Items from a data source
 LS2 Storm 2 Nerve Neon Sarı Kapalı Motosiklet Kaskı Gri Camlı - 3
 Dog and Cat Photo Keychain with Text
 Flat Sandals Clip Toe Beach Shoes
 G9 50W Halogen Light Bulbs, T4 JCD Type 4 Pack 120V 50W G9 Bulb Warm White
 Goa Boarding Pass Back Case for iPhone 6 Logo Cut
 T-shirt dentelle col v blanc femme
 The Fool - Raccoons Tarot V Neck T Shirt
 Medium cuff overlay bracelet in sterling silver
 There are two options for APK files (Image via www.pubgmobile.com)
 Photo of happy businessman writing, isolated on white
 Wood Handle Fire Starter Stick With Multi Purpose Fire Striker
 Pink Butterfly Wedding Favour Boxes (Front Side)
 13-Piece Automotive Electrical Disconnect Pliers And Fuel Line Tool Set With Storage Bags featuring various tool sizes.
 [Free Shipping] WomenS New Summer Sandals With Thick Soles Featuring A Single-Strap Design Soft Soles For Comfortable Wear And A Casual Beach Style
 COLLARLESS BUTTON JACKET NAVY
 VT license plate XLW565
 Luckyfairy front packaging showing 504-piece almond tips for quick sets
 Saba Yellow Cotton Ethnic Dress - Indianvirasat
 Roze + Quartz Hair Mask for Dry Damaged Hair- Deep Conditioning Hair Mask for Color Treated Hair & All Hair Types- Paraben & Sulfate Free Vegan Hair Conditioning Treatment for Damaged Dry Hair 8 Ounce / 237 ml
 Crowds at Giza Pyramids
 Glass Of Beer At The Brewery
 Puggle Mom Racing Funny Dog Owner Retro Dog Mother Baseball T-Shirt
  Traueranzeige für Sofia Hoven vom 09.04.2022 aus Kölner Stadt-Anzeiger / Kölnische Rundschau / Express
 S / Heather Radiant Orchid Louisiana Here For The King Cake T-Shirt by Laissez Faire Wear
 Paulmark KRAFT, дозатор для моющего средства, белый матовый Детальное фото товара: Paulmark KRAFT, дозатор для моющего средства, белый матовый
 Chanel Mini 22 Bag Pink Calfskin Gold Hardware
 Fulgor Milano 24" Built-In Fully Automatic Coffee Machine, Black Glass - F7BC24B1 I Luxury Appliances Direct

* What the task asks *
Retype the records above exactly, from their first line through the line that contains "There are two", and stop there.

* Output *
 LS2 Storm 2 Nerve Neon Sarı Kapalı Motosiklet Kaskı Gri Camlı - 3
 Dog and Cat Photo Keychain with Text
 Flat Sandals Clip Toe Beach Shoes
 G9 50W Halogen Light Bulbs, T4 JCD Type 4 Pack 120V 50W G9 Bulb Warm White
 Goa Boarding Pass Back Case for iPhone 6 Logo Cut
 T-shirt dentelle col v blanc femme
 The Fool - Raccoons Tarot V Neck T Shirt
 Medium cuff overlay bracelet in sterling silver
 There are two options for APK files (Image via www.pubgmobile.com)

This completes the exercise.